Olavo de Carvalho


O Globo, 17 de janeiro de 2004

Desde sua remota origem nos clubes de debates do século XVIII, a comunidade dos revolucionários e progressistas, sempre alegando falar em nome de todos os homens e romper as barreiras sociais que os separam, tem sido uma das mais excludentes e discriminatórias, ao ponto de professar abertamente a dupla moral: uma para “nós”, outra para “eles”.

Lênin expõe o princípio, com seu cinismo costumeiro, neste parágrafo das Selected Works (Vol. III, pp. 486 ss.):

“É errado escrever sobre companheiros de Partido numa linguagem que sistematicamente dissemine entre as massas trabalhadoras o ódio, a aversão e o desprezo àqueles que sustentam opiniões divergentes. Mas pode-se e deve-se escrever nesse tom sobre organizações dissidentes…” Neste caso, prossegue Lênin, deve-se falar numa linguagem “calculada para despertar contra o oponente os piores pensamentos, as piores suspeitas; não para corrigir-lhe os erros, mas para destrui-lo, para varrer sua organização da face da Terra”.

Ou seja: o direito a uma discussão honesta é privilégio dos fiéis. Contra inimigos e infiéis, vale tudo: não somente o militante despejará em cima deles todo o arsenal de falácias erísticas que no debate interno seriam cuidadosamente evitadas, mas ainda recorrerá à calúnia, à difamação, à intimidação, ao boicote e à chantagem, com a boa consciência de quem estivesse sendo até justo e bondoso demais para com adversários que, em melhores circunstâncias, ele teria a obrigação de matar.

Fora dos círculos dos eleitos, a polêmica de esquerda é nada mais que homicídio adiado ou, na hipótese mais branda, sublimado.

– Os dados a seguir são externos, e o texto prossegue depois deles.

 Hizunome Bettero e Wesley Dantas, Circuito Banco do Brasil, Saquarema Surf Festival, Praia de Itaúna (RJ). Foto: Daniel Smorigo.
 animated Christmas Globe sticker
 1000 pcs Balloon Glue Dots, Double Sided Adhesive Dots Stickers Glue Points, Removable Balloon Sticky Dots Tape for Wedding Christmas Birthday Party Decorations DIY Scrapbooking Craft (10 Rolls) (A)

Chega a ser fantástico que, nos meios cristãos, tanta gente nos anos 60 professasse acreditar na possibilidade de um diálogo franco com os marxistas, quando o próprio Karl Marx já havia anunciado que as “armas da crítica” se destinam apenas a aplanar o caminho para a “crítica pelas armas”. Esse “diálogo” serviu apenas para desarmar os cristãos ante os genocídios que se seguiram na China, no Camboja e na Coréia do Norte, contra os quais a hierarquia católica, por medo de ferir suscetibilidades comunistas, nada fez.

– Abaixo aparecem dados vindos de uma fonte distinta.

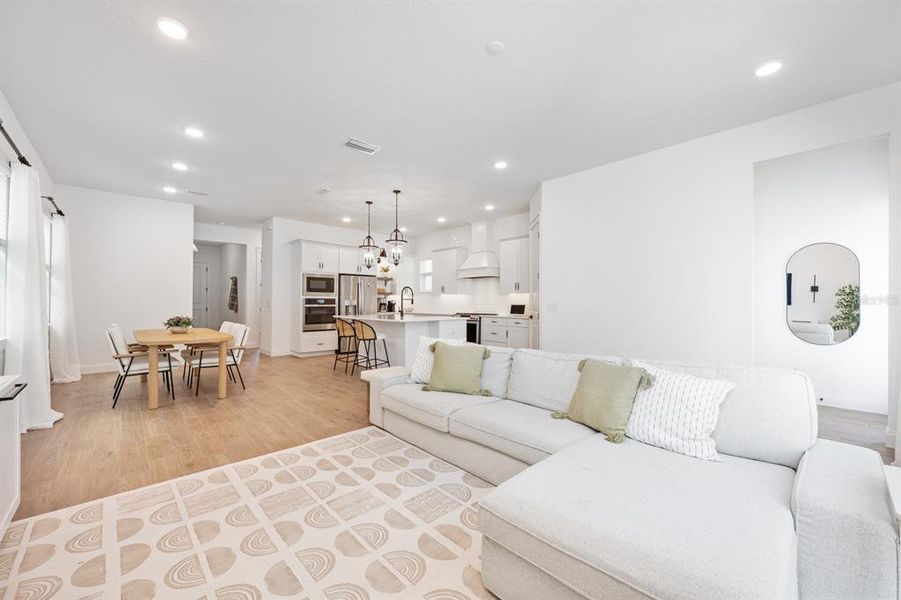 Furnished interior view inside a new home in Osprey Ranch, Winter Garden (Image 10). Furnished interior view inside a new home in Osprey Ranch, Winter Garden (Image 10).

O princípio leninista da dupla moral foi repetido, sob diferentes formas, por uma infinidade de intelectuais ativistas, entre os quais me vêm agora à memória Paulo Freire (“devemos ser tolerantes, mas não com os nossos inimigos”) e Herbert Marcuse (“tolerância libertadora significa: toda tolerância para com a esquerda, nenhuma para com a direita”).

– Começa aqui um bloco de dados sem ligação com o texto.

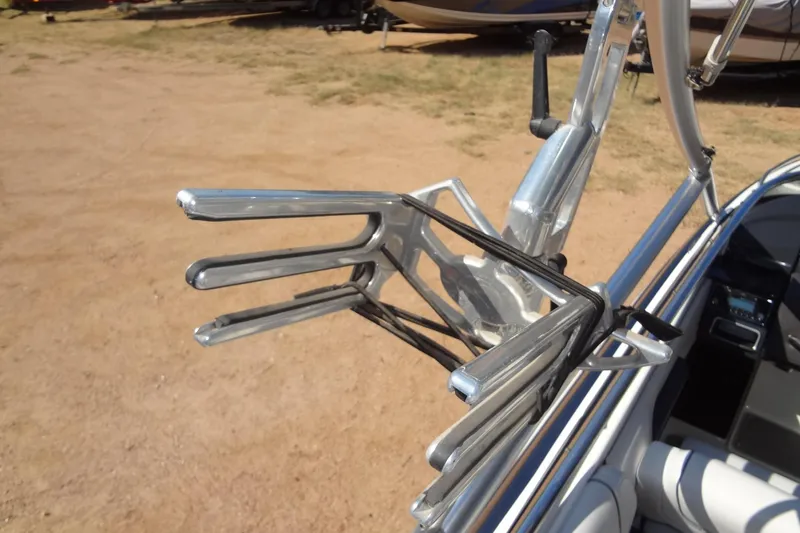 Slide: The Image of 2020 Formula 240 Bowrider boat interior with plush seating and cup holders. - 51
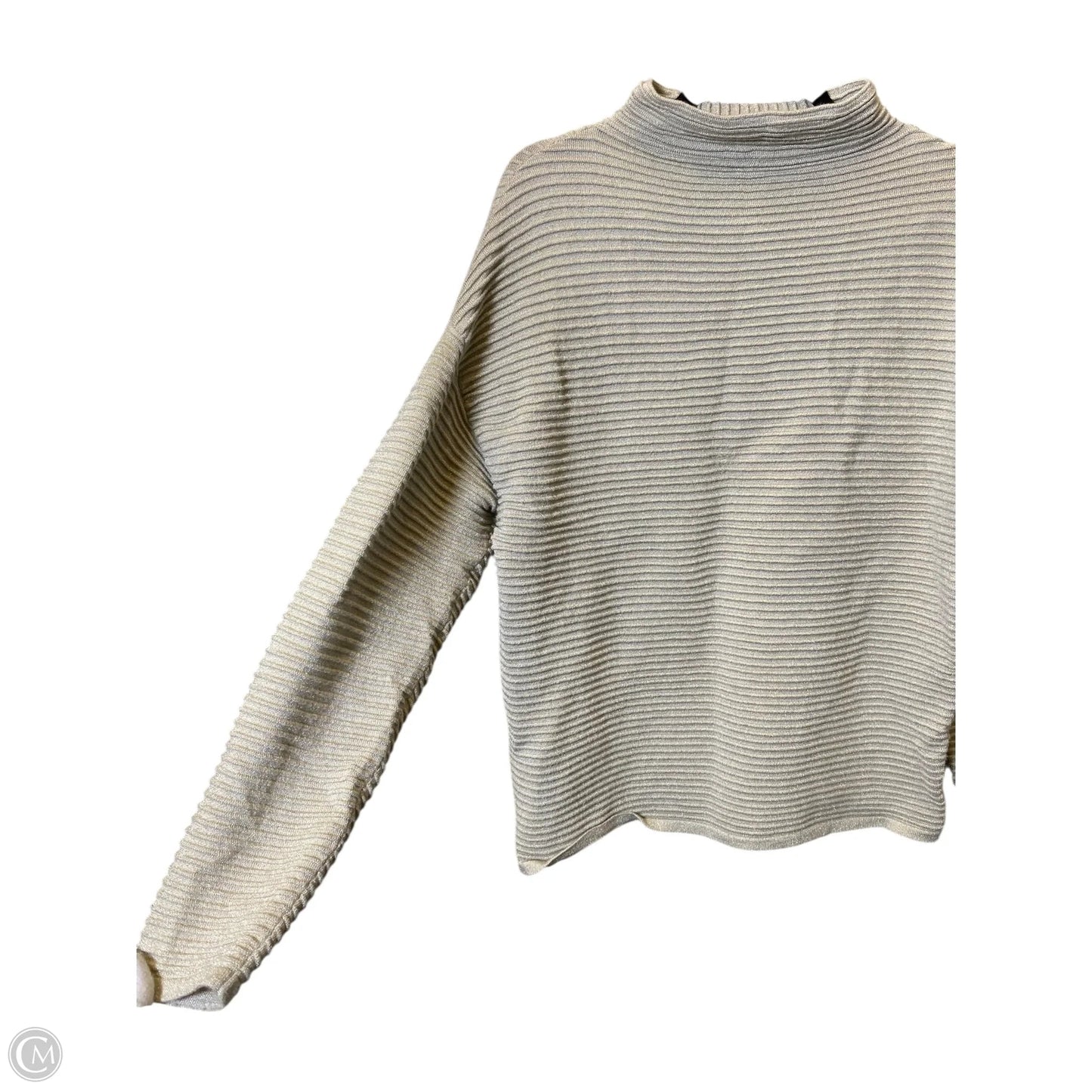 Sweater By Tahari In Tan, Size: M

Esse princípio vigora ainda não só em regimes como o de Cuba ou da Coréia do Norte, mas em qualquer grupo ativista que tenha recebido a influência do marxismo e, de modo geral, em todo o universo da “esquerda”. Os procedimentos repressivos criados no início do século XX como técnicas partidárias para o domínio do Estado foram-se disseminando por esse círculo mais amplo até tornar-se hábitos culturais introjetados, que incluem a defesa automática contra o seu próprio desmascaramento. Sob a inspiração de Antonio Gramsci, sua aplicação, antes restrita ao domínio da luta política explícita, foi estendida a todos os domínios da existência, de modo a fazer da guerra cultural uma guerra total, na qual até sentimentos pessoais e trejeitos de linguagem servem para identificar amigos e inimigos e facilitar a demarcação do território permitido a estes últimos. Mais recentemente, a dissolução do monolitismo partidário e a adoção da organização mais flexível em “redes” permitiram que esses mecanismos se tornassem ainda mais opressivos e eficientes, já que não são aplicados por iniciativa de uma cúpula partidária identificável, mas se espalham entre os ativistas pela pressão anônima e “democrática” dos seus iguais e adquirem com isso aquela invisibilidade que os imuniza a toda crítica.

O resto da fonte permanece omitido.